Sensity is a customizable suite of tools for deepfake detection, offering cloud-based or on-premise analysis of videos, images, and audio through both UI and API access. Users can analyze files or URLs for multilayer assessment within seconds.

Getting started

The steps in this guide briefly describes how to integrate Sensity API with your app and backend. To create verification tasks, receive notifications and retrieve the results of the analysis follow the next steps:

1. Create a developer account

To get started with Sensity, please send your request for creating a developer account via the contact form on www.sensity.ai.

Once you have a Sensity developer account, request an API token to the /auth/tokens API endpoint with your credentials using HTTP BasicAuth.

You will receive a JSON object containing an authorization Bearer token that you can use in the SDKs to make subsequent calls to the API.

2. (Optional) Setup the Webhooks

We use webhooks to notify your backend when an event happens. Webhooks are useful to trigger actions for asynchronous events like when a verification task completes successfully or not. This is best described in the Webhooks section.

3. Retrieve data from the API

Use the Sensity API via our SDKs to retrieve specific data from the already completed verification tasks.

You can find more details on the endpoints and the response models in the API section of the documentation.

Solutions

Sensity's API provides the following solutions that describe standard use cases. Each solution is composed of different services, each with its endpoint.

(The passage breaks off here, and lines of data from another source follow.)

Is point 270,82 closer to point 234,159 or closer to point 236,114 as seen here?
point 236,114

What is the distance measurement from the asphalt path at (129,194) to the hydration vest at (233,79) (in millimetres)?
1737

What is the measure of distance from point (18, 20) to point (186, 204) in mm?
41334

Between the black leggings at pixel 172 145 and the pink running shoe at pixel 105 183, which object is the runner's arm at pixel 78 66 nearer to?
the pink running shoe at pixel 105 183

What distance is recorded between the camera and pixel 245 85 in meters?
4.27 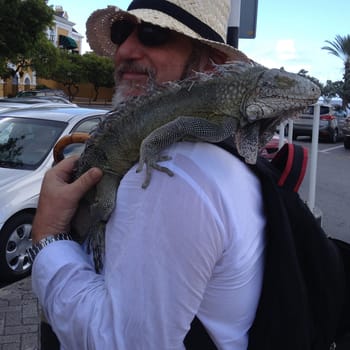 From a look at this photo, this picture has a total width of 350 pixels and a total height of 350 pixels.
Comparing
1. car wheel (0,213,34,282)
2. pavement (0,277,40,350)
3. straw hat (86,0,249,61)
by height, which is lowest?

API's users can serve customized use cases by grouping multiple services in their user flow.

Deepfakes Detection

Performs an analysis designed to recognize the latest AI-based image, video and audio manipulation and generation.

This solution is composed by:

The above services accept media files, such as images, videos, and audio, as well as URLs as input.

Supported Input Formats

Input Type Supported Formats
Image jpg, jpeg, png, tiff, gif, webp, jfif
Video mkv, flv, mov, mp4, avi, webm, 3gpp
Audio wav, mp3, m4a, ogg, aac, flac

Input File Limitations

Limit Max Value
File size 32 MB
Video duration 30 min
Video resolution 2560p
Audio duration 20 min

Input URL Limitations

Limit Max Value
Video duration 30 min
Audio duration 20 min
URL source Youtube, Instagram, Facebook, Tiktok, Twitter, Dailymotion

The above services also accept URLs pointing to supported media files. For example, https://www.example.com/image.jpg, https://www.example.com/video.mp4 or https://www.example.com/audio.wav.

API Reference

This section shows how to use the Sensity API endpoints to create and retrieve the results of a verification task using the provided endpoints. The guide assumes you have followed the steps in Initial setup and already have a developer account with an API token ready to use.

Create an analysis task

To create a specific analysis task you can send a POST request with /tasks/{task_name} and the task parameters.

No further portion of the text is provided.